Emilie Bouvier, "Fertile Soil." (Split Rock Lighthouse State Park; Two Harbors, MN)Image © Luther Seminary Fine Arts Collection, St. Paul, Minn.


Most pastors do an ardent job of trying to faithfully preach from the Biblical text.

We spend hours in biblical and exegetical study and preparation for each week’s sermon. But when we get in the pulpit, we typically offer our wonderful insights about the text(s) then segue to what these observations may have to do with our lives, our community, and our world. Amen.

The 4-H program promotes faithful stewardship and life skills. The four H’s stand for head, heart, hands, and health. Many preachers are good at preaching for the head, and often, we also preach for the hands. But rarely do we preach for the heart which may well be why we have a certain lack of health in the body of Christ. The thing is that with all of this new information we share, as wonderful as it might be, it rarely creates new hearts.

To preach for the heart means a number of things. First, the preacher needs to imbue trust from the listener. A preacher could be saying all the right things so as to move an entire nation to faith, but if they are not trusted it is all for naught. Trust is your biggest commodity as a pastor. Guard it with your life and do all you can to sincerely cultivate it. Part of building trust is to realize that the office itself no longer holds the kind of trust it once did. Clergy were once among the most trusted figures in society. Sadly, that is no longer true. To build trust one needs to live what they preach. They need to be sincerely “Christian.”

Preaching for the heart is to always preach “from within,” not “from afar.” The congregation must be made to see where it is that the Word of God touches down in their pastor’s life and experiences, even those that may be relatively uncomfortable or unpleasant.
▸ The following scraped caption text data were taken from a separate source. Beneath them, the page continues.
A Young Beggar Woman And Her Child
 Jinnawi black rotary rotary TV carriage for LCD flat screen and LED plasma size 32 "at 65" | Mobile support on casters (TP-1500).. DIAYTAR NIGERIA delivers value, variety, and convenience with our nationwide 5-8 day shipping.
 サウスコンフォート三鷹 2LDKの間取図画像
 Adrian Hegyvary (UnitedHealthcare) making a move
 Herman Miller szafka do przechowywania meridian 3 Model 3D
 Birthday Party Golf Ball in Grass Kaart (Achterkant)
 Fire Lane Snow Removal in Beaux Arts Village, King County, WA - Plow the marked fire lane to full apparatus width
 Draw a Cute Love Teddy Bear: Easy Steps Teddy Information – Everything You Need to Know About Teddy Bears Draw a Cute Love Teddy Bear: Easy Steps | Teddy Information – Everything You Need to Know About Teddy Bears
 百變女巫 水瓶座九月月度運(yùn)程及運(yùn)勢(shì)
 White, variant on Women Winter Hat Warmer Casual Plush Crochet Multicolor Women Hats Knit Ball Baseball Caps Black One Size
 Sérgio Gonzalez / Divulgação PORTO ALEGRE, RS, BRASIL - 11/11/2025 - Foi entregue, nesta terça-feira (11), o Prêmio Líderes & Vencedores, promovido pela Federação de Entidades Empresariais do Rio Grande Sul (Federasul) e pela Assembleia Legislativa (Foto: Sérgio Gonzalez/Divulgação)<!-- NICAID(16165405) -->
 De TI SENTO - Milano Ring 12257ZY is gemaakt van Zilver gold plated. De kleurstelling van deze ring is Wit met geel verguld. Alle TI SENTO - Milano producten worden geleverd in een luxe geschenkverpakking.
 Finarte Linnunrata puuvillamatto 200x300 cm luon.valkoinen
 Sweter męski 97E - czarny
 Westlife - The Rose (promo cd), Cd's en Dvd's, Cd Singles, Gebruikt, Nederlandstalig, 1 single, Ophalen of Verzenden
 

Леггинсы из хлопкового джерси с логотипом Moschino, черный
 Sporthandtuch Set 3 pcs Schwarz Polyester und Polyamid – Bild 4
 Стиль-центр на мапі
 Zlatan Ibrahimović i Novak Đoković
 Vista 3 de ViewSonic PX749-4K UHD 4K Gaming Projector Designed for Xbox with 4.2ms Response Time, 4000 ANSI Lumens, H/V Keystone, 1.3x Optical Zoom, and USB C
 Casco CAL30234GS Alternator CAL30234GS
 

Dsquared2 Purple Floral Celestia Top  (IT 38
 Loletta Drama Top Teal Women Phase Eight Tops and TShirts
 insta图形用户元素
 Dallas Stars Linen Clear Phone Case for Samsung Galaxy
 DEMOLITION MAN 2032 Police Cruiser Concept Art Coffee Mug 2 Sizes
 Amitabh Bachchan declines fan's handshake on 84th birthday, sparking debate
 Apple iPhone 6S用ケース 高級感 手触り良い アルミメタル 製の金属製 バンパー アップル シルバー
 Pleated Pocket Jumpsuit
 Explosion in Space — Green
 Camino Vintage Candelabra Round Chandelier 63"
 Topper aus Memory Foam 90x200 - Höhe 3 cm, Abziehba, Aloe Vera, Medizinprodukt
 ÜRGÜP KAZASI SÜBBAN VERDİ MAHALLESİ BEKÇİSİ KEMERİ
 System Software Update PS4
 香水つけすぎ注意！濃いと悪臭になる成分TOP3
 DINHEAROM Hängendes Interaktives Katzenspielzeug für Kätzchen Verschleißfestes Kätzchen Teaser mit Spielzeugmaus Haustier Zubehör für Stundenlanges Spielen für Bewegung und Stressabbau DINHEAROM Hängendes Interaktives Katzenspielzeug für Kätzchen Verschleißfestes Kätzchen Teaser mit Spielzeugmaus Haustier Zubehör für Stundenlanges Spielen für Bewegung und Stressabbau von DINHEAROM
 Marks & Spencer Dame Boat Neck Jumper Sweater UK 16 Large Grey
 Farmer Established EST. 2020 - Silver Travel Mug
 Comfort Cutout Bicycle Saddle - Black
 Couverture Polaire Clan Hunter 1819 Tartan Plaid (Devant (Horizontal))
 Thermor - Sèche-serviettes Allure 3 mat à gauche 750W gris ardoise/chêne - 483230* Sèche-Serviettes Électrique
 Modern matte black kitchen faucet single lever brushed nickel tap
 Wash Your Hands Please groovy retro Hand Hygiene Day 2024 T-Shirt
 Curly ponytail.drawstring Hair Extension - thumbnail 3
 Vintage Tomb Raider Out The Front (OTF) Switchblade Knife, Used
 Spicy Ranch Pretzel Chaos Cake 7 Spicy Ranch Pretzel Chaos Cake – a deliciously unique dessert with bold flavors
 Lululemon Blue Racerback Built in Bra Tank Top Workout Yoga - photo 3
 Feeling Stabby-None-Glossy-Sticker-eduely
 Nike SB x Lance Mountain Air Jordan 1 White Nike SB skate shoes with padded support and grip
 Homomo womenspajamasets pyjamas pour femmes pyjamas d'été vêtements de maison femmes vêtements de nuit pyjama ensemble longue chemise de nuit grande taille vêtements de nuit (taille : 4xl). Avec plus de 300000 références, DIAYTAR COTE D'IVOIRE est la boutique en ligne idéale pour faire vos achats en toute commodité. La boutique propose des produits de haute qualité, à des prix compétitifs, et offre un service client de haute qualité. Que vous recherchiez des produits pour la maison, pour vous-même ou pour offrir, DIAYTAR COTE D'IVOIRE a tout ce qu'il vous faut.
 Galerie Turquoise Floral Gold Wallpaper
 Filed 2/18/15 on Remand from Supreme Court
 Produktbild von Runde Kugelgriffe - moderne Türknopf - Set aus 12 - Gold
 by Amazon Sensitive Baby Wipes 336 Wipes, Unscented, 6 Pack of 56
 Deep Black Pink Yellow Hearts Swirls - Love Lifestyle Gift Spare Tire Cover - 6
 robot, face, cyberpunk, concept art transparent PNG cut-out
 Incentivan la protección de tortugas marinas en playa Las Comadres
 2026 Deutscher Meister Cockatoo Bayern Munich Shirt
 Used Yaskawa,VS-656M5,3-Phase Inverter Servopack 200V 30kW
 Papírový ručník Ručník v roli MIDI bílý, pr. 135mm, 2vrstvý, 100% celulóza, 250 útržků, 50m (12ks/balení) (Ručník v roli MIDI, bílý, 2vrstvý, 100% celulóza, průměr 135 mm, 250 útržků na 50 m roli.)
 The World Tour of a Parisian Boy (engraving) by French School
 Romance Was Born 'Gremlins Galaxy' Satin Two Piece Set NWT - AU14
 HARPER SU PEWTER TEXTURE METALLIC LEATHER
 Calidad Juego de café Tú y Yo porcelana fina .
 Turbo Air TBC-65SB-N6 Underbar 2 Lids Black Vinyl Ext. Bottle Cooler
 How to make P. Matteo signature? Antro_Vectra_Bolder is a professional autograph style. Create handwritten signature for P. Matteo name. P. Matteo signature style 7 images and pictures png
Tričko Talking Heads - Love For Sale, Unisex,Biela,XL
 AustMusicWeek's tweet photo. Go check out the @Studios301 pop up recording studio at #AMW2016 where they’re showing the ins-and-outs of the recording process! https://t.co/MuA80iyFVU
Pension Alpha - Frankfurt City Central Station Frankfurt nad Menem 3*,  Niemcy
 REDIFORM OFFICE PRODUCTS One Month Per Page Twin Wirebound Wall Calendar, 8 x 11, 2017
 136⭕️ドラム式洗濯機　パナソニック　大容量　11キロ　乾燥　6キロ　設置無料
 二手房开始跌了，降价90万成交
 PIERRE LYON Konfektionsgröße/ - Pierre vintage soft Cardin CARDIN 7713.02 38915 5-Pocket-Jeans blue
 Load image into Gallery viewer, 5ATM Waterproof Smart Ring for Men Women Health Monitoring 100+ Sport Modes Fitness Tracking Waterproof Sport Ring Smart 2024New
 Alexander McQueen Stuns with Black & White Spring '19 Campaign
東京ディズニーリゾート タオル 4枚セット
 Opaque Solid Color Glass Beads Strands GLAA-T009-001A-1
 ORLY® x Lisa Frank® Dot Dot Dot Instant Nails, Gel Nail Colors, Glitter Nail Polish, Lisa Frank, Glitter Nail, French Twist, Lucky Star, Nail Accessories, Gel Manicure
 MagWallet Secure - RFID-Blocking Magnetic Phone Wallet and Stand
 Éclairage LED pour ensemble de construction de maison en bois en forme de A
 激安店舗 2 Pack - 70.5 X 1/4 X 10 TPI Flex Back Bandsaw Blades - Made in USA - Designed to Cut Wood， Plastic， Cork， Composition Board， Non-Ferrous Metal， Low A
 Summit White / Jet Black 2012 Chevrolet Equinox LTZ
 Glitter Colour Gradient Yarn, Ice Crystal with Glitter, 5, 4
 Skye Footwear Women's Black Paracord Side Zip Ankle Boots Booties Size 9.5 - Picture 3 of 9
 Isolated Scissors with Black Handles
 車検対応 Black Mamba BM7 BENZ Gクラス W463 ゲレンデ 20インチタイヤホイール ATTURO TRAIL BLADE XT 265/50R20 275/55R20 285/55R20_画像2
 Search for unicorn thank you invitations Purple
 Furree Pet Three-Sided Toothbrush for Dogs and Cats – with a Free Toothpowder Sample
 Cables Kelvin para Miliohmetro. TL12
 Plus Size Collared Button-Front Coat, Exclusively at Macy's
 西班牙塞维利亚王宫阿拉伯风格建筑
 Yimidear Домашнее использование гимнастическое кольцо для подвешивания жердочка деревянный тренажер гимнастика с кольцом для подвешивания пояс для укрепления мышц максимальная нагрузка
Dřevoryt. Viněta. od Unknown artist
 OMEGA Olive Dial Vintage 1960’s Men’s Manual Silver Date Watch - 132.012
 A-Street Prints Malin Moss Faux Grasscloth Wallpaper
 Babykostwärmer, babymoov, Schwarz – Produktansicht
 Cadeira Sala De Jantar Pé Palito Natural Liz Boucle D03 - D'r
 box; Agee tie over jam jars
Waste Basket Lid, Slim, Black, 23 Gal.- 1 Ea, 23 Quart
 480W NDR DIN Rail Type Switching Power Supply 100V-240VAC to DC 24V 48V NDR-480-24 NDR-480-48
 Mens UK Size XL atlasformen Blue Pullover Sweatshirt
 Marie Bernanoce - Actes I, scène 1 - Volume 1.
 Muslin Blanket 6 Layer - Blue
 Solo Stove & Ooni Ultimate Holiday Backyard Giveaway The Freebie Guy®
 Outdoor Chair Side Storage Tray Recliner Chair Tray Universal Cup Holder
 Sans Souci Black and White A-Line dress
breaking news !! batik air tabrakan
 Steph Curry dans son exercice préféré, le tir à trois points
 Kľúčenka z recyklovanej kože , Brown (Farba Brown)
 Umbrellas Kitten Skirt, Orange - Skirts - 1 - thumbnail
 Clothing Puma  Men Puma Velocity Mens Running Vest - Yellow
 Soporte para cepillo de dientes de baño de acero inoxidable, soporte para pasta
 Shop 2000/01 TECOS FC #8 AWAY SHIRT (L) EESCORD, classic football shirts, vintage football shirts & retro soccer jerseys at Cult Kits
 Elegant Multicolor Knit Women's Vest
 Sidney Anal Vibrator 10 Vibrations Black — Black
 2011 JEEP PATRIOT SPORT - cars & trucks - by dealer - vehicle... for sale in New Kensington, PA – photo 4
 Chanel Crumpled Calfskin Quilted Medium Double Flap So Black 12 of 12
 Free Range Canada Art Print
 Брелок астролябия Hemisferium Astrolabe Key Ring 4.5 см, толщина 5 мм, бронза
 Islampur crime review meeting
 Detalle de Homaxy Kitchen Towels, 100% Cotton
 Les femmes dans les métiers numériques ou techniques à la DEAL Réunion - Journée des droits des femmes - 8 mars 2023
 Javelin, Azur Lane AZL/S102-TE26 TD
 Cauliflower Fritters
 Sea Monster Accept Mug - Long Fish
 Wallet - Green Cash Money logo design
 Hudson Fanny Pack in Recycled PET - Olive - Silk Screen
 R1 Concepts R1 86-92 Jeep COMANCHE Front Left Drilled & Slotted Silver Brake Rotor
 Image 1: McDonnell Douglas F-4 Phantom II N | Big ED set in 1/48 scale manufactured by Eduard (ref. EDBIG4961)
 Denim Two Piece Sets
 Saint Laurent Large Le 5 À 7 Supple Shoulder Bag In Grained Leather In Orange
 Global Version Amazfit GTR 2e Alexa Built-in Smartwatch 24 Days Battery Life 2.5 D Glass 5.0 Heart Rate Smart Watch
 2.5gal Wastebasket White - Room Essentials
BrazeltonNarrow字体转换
If the sermon has not touched the preacher, it will not touch the listener! This is what gives integrity, authenticity, and credibility to the message and helps others to see the incarnational nature of the gospel.

When we are trusted, this allows us to preach with passion and we can demonstrate the liveliness of our faith, as well as the vulnerability of our humanity. It is at this point that the Christian leader becomes more real and approachable and can then serve as a reliable lens through which to see God’s saving work among God’s people.

But we are not the only lens through which the Gospel is magnified. By telling stories of redemption, life-change, and struggles in faith from the lives of our community of faith, we allow our people to see God’s saving work actively demonstrated in our midst.

Paul, in essence, tells the Colossians early in the first chapter of his epistle, “Take a look at yourselves! There is very good reason to put your hope in the Gospel, the word of truth, because it is at work in you and you are not the same people that you used to be!” Paul says to the church at Colossae that a really good reason to believe that the Gospel is worth putting your hope in is to stop and look at the fruit that it bears in your lives. I do not know that we do this often enough.

To the Colossians, Paul says, “Look what the Word is doing in your midst!” Undoubtedly God’s Word is doing wonders in the midst of your people as well.

As a preacher, help your people see how people have come to know God. Tell the stories. Help them to see how struggling people have been given power from God, how defeated people are having prayers answered by God, and how drifting people have been given a calling by God. With proper permission, tell their stories. Let them see the power of God’s Word is active in their midst.

People are wondering where they can put their faith, in what can they place their hope, and to what can they give their lives. By preaching for their hearts, as well as for the head and the hands, lives will be changed with the power of the Gospel, and faith and hope will grow within your community of faith!